*Aim of the exercise:* For the data that follows, print the line with "To view the", the line with "Let me do another", and all lines between them, exactly as they stand. Omit pictures and add nothing.

*Supplied material:*
────
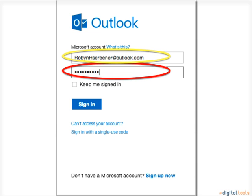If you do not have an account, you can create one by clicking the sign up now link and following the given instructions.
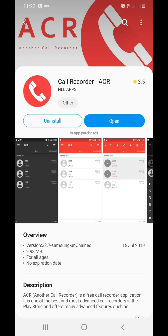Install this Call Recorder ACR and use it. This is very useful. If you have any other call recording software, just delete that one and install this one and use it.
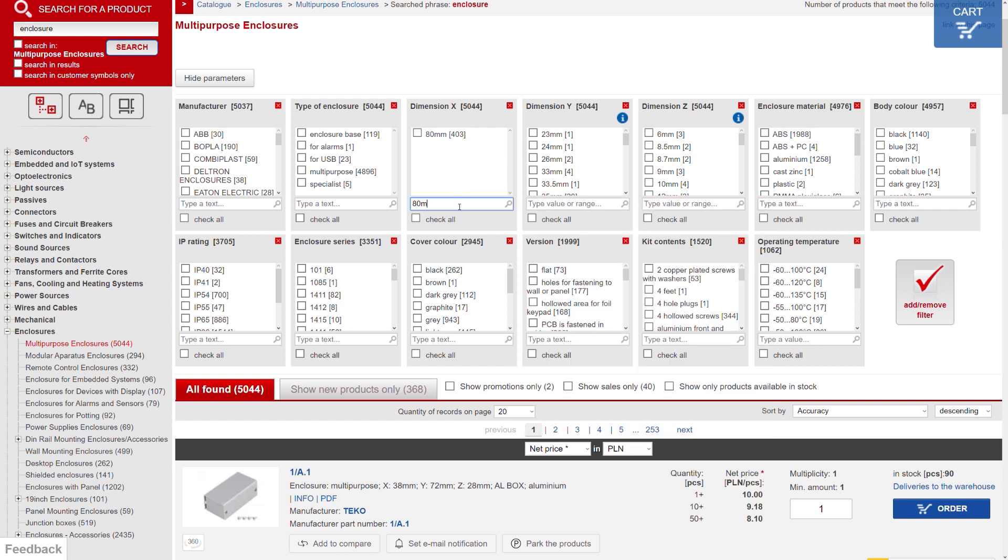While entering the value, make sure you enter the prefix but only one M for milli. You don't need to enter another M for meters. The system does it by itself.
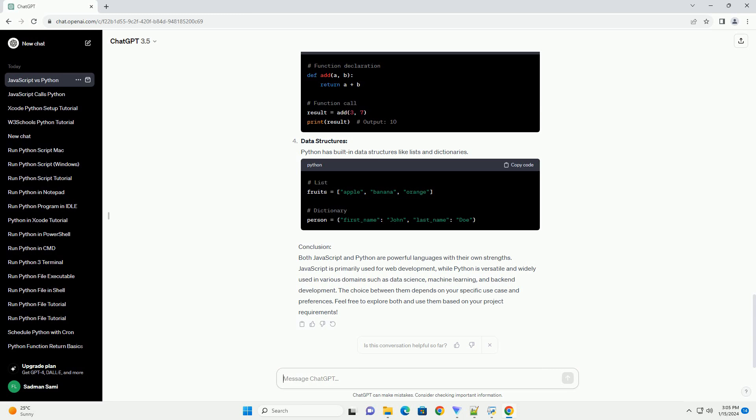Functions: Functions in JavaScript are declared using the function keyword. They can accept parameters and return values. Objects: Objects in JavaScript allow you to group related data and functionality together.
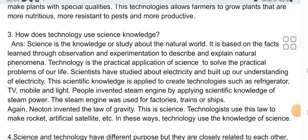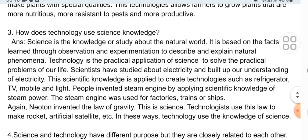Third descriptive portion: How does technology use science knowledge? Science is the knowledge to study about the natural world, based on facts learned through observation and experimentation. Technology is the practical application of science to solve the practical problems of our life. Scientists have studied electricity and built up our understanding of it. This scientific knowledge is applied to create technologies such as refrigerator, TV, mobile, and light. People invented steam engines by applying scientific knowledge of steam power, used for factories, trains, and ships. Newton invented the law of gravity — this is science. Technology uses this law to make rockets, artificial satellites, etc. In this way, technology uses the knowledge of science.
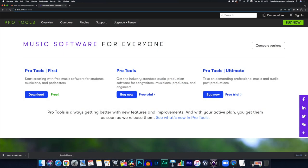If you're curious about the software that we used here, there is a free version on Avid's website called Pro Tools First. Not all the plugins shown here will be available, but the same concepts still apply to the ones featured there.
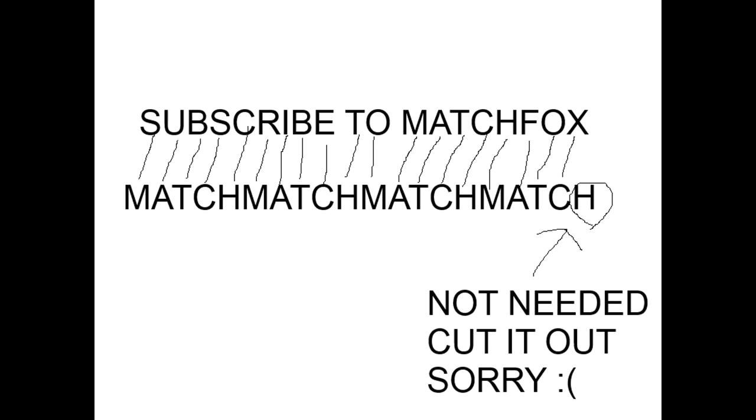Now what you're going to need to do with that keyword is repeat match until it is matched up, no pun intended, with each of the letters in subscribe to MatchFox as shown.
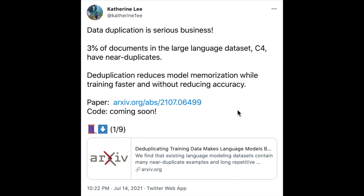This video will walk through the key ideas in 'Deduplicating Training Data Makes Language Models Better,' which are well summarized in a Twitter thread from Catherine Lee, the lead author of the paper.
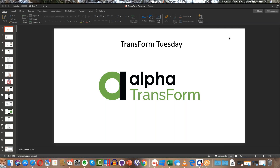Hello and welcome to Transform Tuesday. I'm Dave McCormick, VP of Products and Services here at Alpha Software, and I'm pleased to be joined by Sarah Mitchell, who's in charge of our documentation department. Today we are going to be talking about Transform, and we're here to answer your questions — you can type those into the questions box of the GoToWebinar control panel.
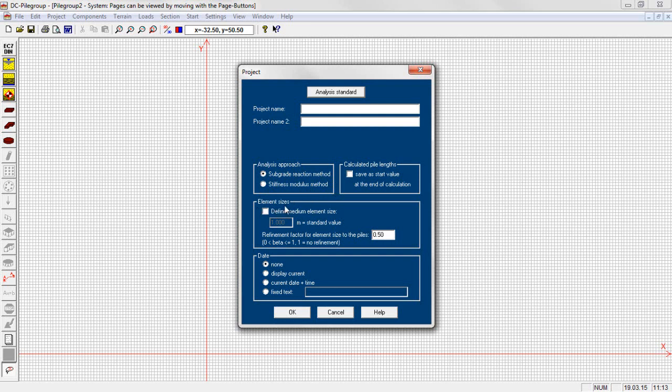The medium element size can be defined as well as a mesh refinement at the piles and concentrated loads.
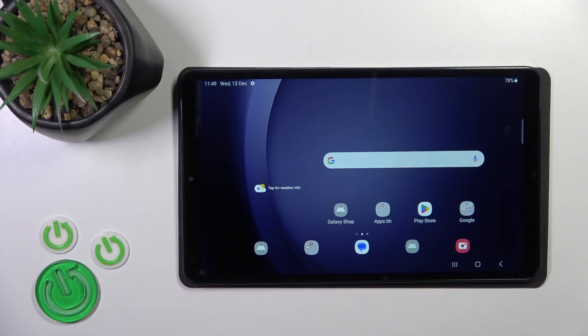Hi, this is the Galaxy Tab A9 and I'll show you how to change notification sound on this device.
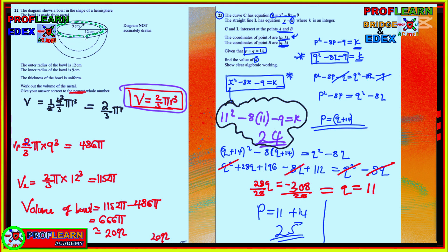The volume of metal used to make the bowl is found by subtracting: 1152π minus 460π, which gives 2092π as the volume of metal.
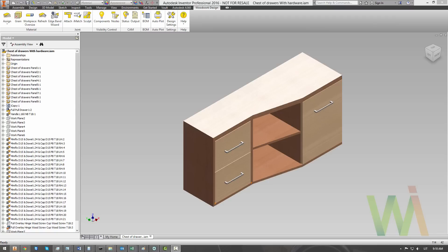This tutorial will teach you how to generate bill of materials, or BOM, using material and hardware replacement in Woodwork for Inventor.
────
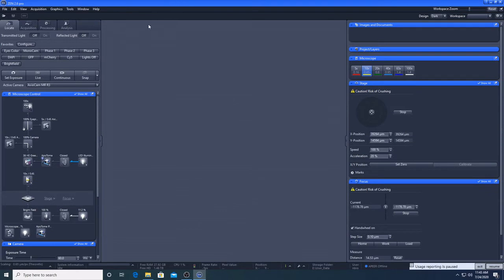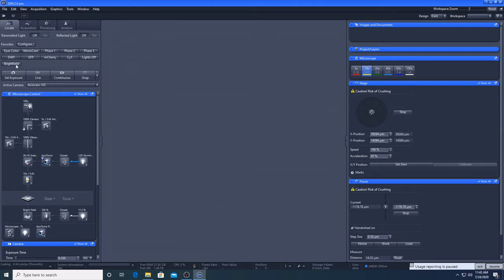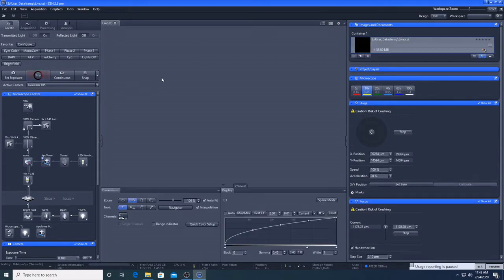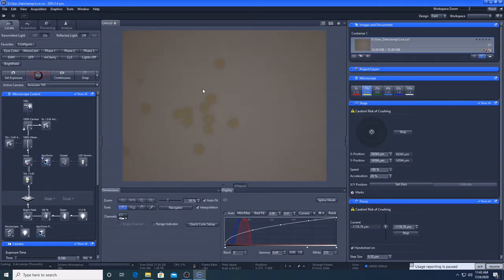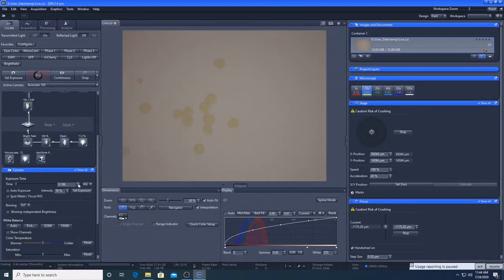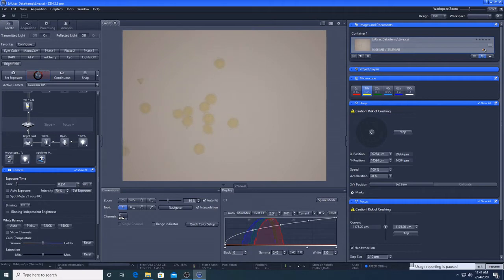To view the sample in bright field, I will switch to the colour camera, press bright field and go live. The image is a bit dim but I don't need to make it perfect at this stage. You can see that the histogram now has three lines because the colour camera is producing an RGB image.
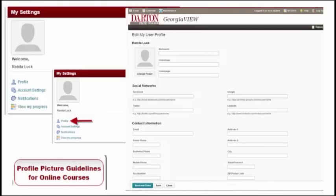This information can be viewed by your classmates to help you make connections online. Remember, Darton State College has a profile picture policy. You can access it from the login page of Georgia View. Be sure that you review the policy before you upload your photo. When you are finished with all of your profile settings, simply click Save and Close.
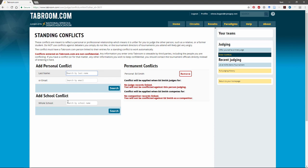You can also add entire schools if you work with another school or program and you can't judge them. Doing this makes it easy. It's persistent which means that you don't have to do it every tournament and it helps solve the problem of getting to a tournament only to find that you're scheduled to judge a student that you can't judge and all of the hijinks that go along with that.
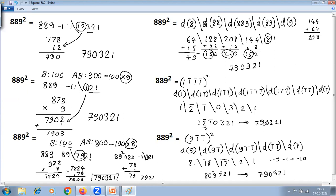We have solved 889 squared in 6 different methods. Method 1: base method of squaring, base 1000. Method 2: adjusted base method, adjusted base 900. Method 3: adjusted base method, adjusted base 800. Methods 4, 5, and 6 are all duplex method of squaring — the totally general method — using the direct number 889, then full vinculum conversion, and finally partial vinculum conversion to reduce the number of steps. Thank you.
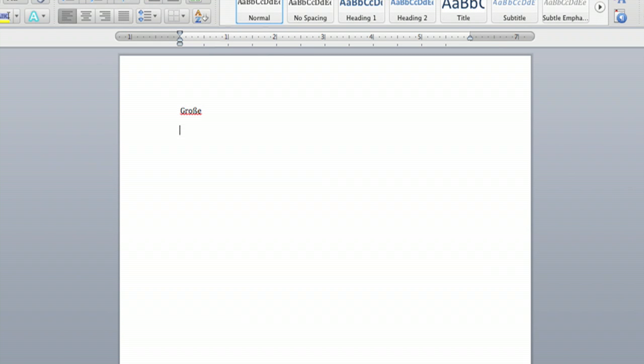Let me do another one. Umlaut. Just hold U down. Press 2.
────
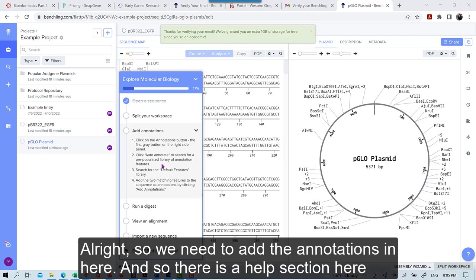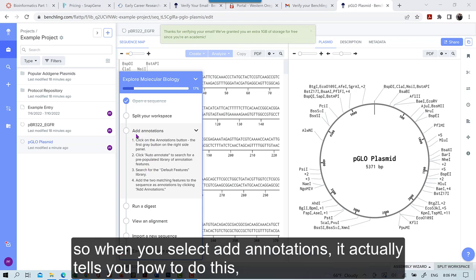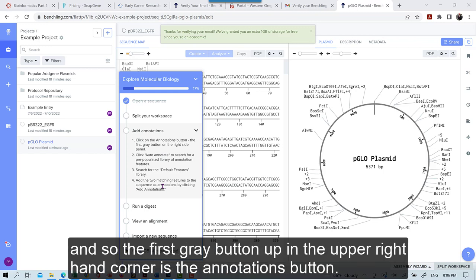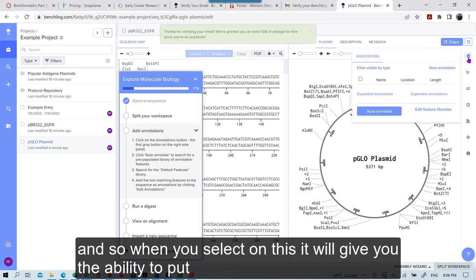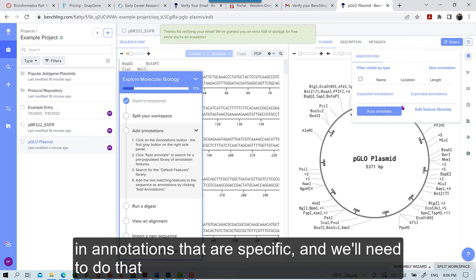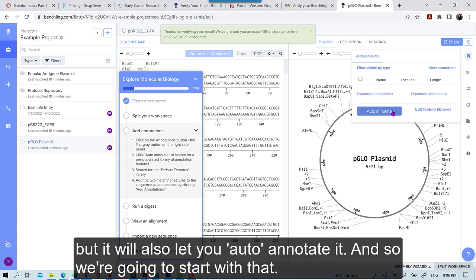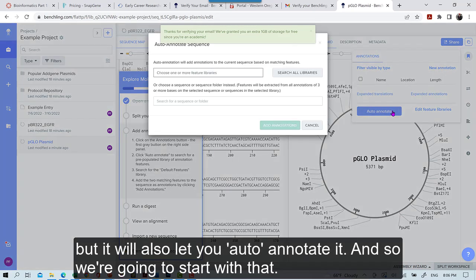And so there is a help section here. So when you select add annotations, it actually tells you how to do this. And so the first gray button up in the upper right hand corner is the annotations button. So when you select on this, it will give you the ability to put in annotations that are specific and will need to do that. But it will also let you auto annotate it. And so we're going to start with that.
────
*Result of this task:*
To view the sample in bright field, I will switch to the colour camera, press bright field and go live. The image is a bit dim but I don't need to make it perfect at this stage. You can see that the histogram now has three lines because the colour camera is producing an RGB image.
This information can be viewed by your classmates to help you make connections online. Remember, Darton State College has a profile picture policy. You can access it from the login page of Georgia View. Be sure that you review the policy before you upload your photo. When you are finished with all of your profile settings, simply click Save and Close.
You can also add entire schools if you work with another school or program and you can't judge them. Doing this makes it easy. It's persistent which means that you don't have to do it every tournament and it helps solve the problem of getting to a tournament only to find that you're scheduled to judge a student that you can't judge and all of the hijinks that go along with that.
We have solved 889 squared in 6 different methods. Method 1: base method of squaring, base 1000. Method 2: adjusted base method, adjusted base 900. Method 3: adjusted base method, adjusted base 800. Methods 4, 5, and 6 are all duplex method of squaring — the totally general method — using the direct number 889, then full vinculum conversion, and finally partial vinculum conversion to reduce the number of steps. Thank you.
Let me do another one. Umlaut. Just hold U down. Press 2.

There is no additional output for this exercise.